Argh-t!: Rome must be a pretty big influence then?

NP: Yes. I mean that's why I like it here, because it's mostly ruins and it's definitely not at the centre of western culture, not anymore at least. It's very specific and it's very layered- you have all these different times, eras in front of you at the same time. But I'm also interested in this other unofficial layering…

Argh-t!: The layering that takes place on a smaller scale?

NP: Yeah, I just like that some things start off as man-made materials and how through time they've almost become part of some different landscape. I'm interested in the narrative that this can create.

Argh-t!: Like the brushed glass you get at the sea from discarded bottles?

NP: Kind of. Those have literally gone full-circle. They're in the process of reverting back to being pebbles which in turn will become sand, etc.


Argh-t!: What are the sculptures made of?

NP: Clay, and other stuff...bits of stuff I find on the streets, photographs, bits of wood and then I just paint them with this technique that's something I've developed: enamels with different solvents, other water based paints mixed with synthetics...it produces different reactions.
When you look at it, it looks like a chain of events…over which I have limited control.

Argh-t!: You talk about the importance of layers in your work, and how the architecture of Rome is an important influence on that.

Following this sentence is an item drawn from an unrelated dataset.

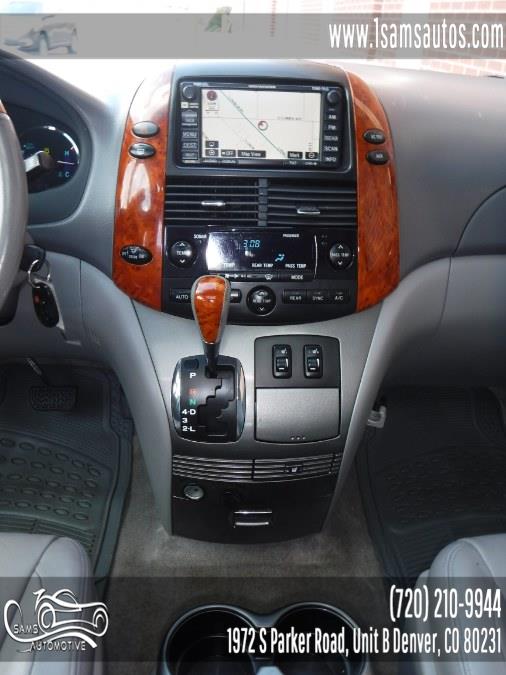 Used Toyota Sienna 5dr XLE Limited AWD 2006 | Sam's Automotive. Denver, Colorado Used Toyota Sienna 5dr XLE Limited AWD 2006 | Sam's Automotive. Denver, Colorado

You also mentioned popular Surrealism- the juxtaposition of these brings to mind collage. Does the history of collage also belong to your set of influences?

NP: Yes but I try not to make the collage too obvious because collage is a dangerous field; it’s really easy to put two images together. You can do it safely, you know, you can have an intuition about two images or you can do it conceptually and I’d rather do the second thing because you will still get an intriguing composition. The interesting part, for me, comes from the space that is created in between the images.


Argh-t!: It seems to me that collage in your work acts as an opening, an entry to the world you are actually trying to show us. These points of entry take on different forms in ‘Waterfall Container’, say, and ‘Star Head Bleeder’ but in both instances they remind me of Fontana’s slashed canvases.

NP: Fontana’s ‘Spatial Concepts’ are about infinity so, I guess in that sense, they are similar but the ‘openings’ in my work are more akin to portals and monoliths.
It’s the same principle with my bleached photographs. You have one time frame, which is the image, and with the manipulation, the layering, you open up another time frame; with these I'm trying to get through what's behind the image. It has a lot to do with what gets triggered on a perception level when I go to these places- what isn’t there.


Argh-t!: What are you working on at the moment?

NP: There's a short story by Philip K Dick where he writes about this scientist who is trying to preserve all musical writing. To do this the scientist turns these scripts of Mozart etc into different animals. He then lets them loose and leaves for a while. On his return these animals are all wild and feral; they have turned from these domestic creatures into feral beings because they were left free to roam in this big garden and when he puts one of these animals back into the machine to revert it to a symphony it has become something unlistenable, a total cacophony. It's a great story.